HEADLINE: Ganjil Genap Motor saat PSBB Transisi Jakarta, Apa Urgensinya?

Gubernur DKI Jakarta Anies Baswedan menyatakan, kebijakan ganjil genap untuk sepeda motor bisa saja batal diterapkan jika dinilai tidak diperlukan.

oleh Nanda Perdana PutraAdy AnugrahadiIka Defianti diperbarui 10 Jun 2020, 12:37 WIB
Pengendara memasuki kawasan aturan ganjil-genap, Jalan Jenderal Sudirman, Jakarta, Sabtu (6/6/2020). Pemprov DKI Jakarta mengeluarkan Pergub nomor 51 Tahun 2020 yang didalamnya mengatur pembatasan kendaraan dengan rekayasa ganjil-genap untuk sepeda motor dan mobil. (Liputan6.com/Helmi Fithriansyah)

Liputan6.com, Jakarta - Gubernur DKI Jakarta Anies Baswedan membuat aturan soal pembatasan kendaraan dengan rekayasa ganjil genap. Bukan cuma mobil, sepeda motor juga ikut dalam aturan ini.
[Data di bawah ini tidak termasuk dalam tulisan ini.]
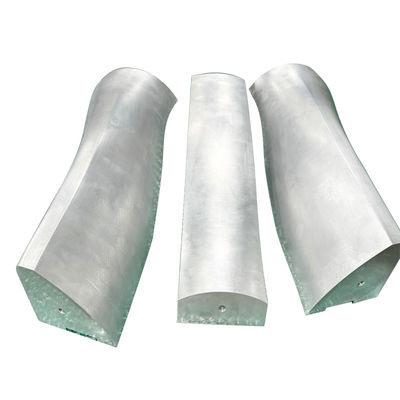 Bom preço Usinagem de Metal, Anodização e Serviços de Moldagem de Protótipos on-line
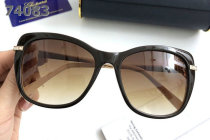 Chopard Sunglasses AAA (145)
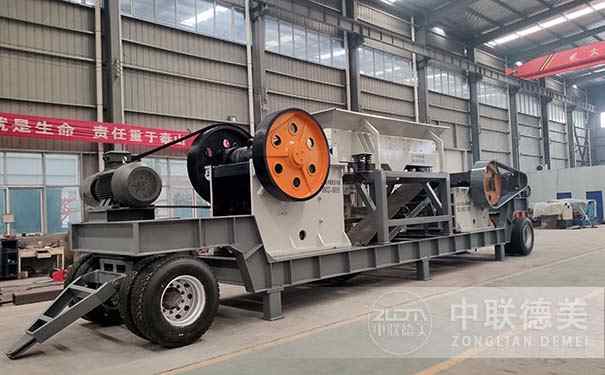 反击破板锤更换视频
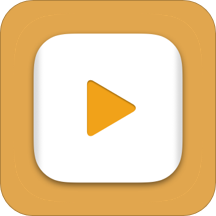 朗易思听v2.2.1 V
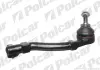 Автозапчасть POLCAR R-601 (фото 1)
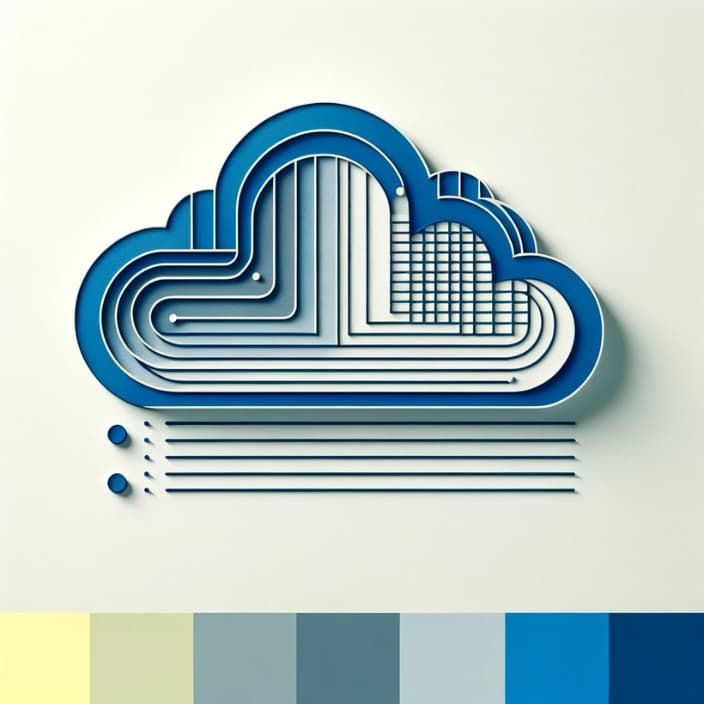 Dentech Announces New Cloud Data Back-Up Solution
Aturan tersebut tertuang dalam Pergub Nomor 51 Tahun 2020 tentang pembatasan sosial berskala besar (PSBB) pada Masa Transisi Menuju Masyarakat Sehat, Aman, dan Produktif.

Aturan ganjil genap untuk kendaraan bermotor, tertuang dalam Pasal 18 yang berbunyi:

"Setiap pengendara kendaraan bermotor beroda 4 (empat) atau lebih dan roda 2 (dua) dengan nomor pelat ganjil dilarang melintasi ruas jalan pada tanggal genap, setiap pengendara kendaraan bermotor beroda 4 (empat) atau lebih dan roda 2 (dua) dengan nomor pelat genap dilarang melintasi ruas jalan pada tanggal ganjil; dan nomor pelat sebagaimana dimaksud pada huruf a dan huruf b merupakan angka terakhir dan nomor pelat kendaraan bermotor roda 4 (empat) atau lebih dan roda 2 (dua),".

Seorang pengendara sepeda motor, Devira khawatir jika Pemprov DKI memberlakukan aturan tersebut. Sebab, jika pergi ke kantor di kawasan Gondangdia, ia tidak bisa menggunakan kendaraannya sendiri. Sementara, perempuan tersebut merasa khawatir jika harus pergi menggunakan transportasi umum.

"Ribet karena enggak bisa bawa kendaraan sendiri dan bahaya banget kalau harus naik kendaraan umum," kata Devira kepada Liputan6.com di Jakarta, Selasa (9/6/2020).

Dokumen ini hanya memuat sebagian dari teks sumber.